Sgp130:Fc and sgp130his

To increase its potency, sgp130 has been fused with the Fc portion of human IgG1 creating sgp130:Fc. Fusion constructs of this type are commonly created to enhance the serum half-life of therapeutic molecules because the Fc protein is expressed as a disulphide-linked dimer (Jazayeri and Carroll 2008). In general, cytokines, in their monomeric form, have relatively small molecular size and short serum half-lives (5–50 min), and are not only rapidly cleared from the kidneys but also subject to degradation by proteolytic enzymes. This necessitates frequent administration and thus limits their clinical utility. In addition, since there is an inverse relationship between the size of these molecules and the rate at which they diffuse through mucus, Fc fusion constructs potentially have a lower rate of diffusion. Further, such constructs can also increase the avidity for multivalent ligands due to the resulting bivalency of dimeric fusion proteins.

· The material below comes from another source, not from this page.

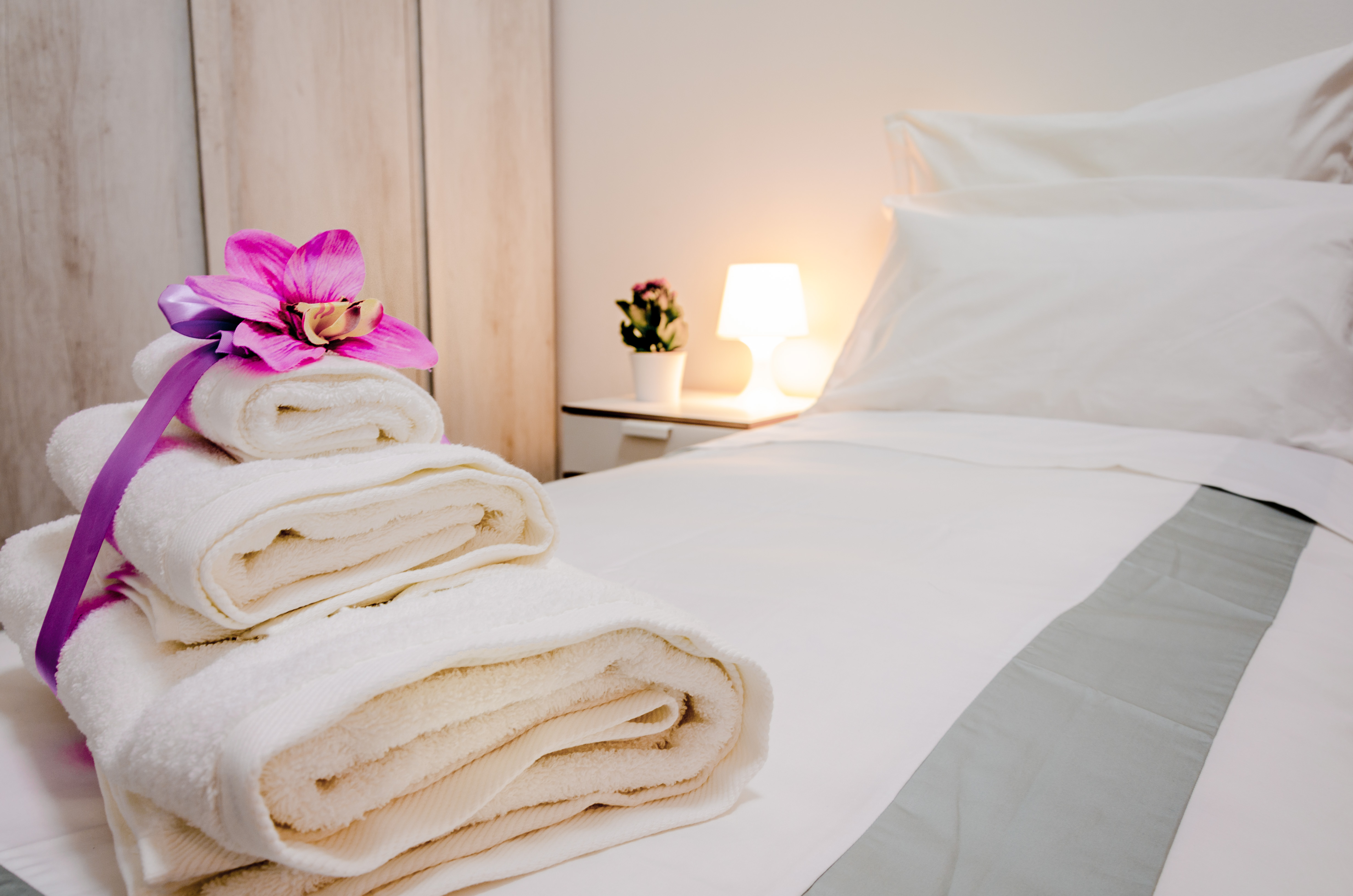 Towels with orchid flower on the bed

The sgp130:Fc thus constructed was found to be 10 times more active compared to monomeric sgp130. In addition, the dimerized soluble form of sgp130 was shown to suppress the action of the soluble IL-6/IL-6R complex in vitro and in vivo (Jostock and others 2001a) without affecting the activity of the membrane-bound IL-6R. Jostock and others (2001b) constructed an sgp130 his, by replacing the Fc portion in the sgp130:Fc with 6 histidine residues; however, this construct was not as potent as sgp130:Fc. One possible reason for this lack of potency is its monomeric structure. Recently, mutated forms of sgp130:Fc have been generated and shown to have higher potencies for blocking biological responses mediated by IL-6/sIL-6R complex in vitro and in vivo (Tenhumberg and others 2008).

Fusion of Sgp130 sIL-6R

Recognition of the important role of sIL-6R together with sgp130 led to the idea of construction of an sIL-6R and sgp130 fusion complex. This was constructed mainly because, in cells expressing membrane-bound IL-6R, when treated with IL-6 alone, sgp130 was found to be a weak antagonist and sgp130 alone was inadequate to inhibit the IL-6 response. To overcome this, Ancey and others (2003) fused the 2 receptor subunit fragments creating an sIL-6R/sgp130 fusion complex. To achieve this, the ligand-binding domains of sgp130 (D1-D2-D3) and sIL-6R (D2-D3) were connected using 3 different linkers. Biological activity assays showed that the construct was capable of inhibiting IL-6 activity. It abrogated IL-6-induced phosphorylation of STAT-3, and inhibited the proliferation of transfected Ba/F3 cells expressing gp130 and IL-6R. These investigations also showed that the construct was much more effective than the separately expressed soluble receptor proteins.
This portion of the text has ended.